Ever since I first saw this article I’ve been composing in my head a post about how this movie may be Marty’s story but it’s George’s arc. He was nervous enough to approach Lorraine in the diner (and yes, I love that moment where she first really sees him and how it’s essential, that moment, because it means there really was something there all along, that she wasn’t just manipulated into falling for George), and that was with a script in hand. Imagine how terrified he must’ve been to throw open that door and see BIFF there? And how easy it would’ve been to go away, not to provoke this bully. Biff is literally telling him “Just go away”-but he doesn’t. His quiet, shaky delivery of “No, Biff. You leave her alone”-his decency nearly reduces me to tears. Like, I feel proud of this completely imaginary character!

5/04/20 12:02pm


And thinking about it some more, not only has the script changed from Marty to Biff being there, from a staged confrontation whose outcome is pre-determined but a very real and terrifying and violent one-Biff is about rape Lorraine-but George has everything to lose from not “just going away,” from making a stand. At the very least he will be beaten up. And that’s what makes his reaction all the more extraordinary-he stands up for Lorraine simply because it’s the right thing to do. Because that’s the kind of guy he is.

And part of me was thinking last night-a major result of Marty’s actions in the past is that his present is much improved.
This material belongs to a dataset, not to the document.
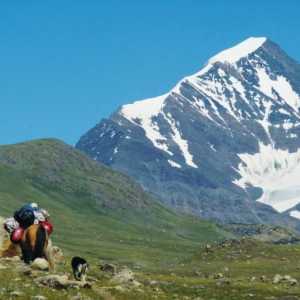 Altai Territory i Republic of Altai - nevjerojatna mjesta za aktivnosti na otvorenom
He gets back to the future and finds that his parents are openly loving, openly happy with their lives, the house is nicer, the siblings are more successful (leaving aside the movie’s implicit snobbery and sexism re: the siblings, hey, it was the ‘80s)-but the main thing that drove this was because George in this timeline is a successful novelist. George’s choice to stand up for Lorraine because it’s the right thing to do somehow empowers him to do something with his writing, to pursue this as a vocation. Previously he’d been a writer in secret-now he is unafraid, he’s published, now he is living his truest self, because being a writer is also the kind of guy he is. Which makes me wonder-what if Marty instead of just introducing a new timeline-what if Marty fixed the timeline? Maybe this was meant to be the life George was supposed to be living all along? Maybe Marty was supposed to go back in time?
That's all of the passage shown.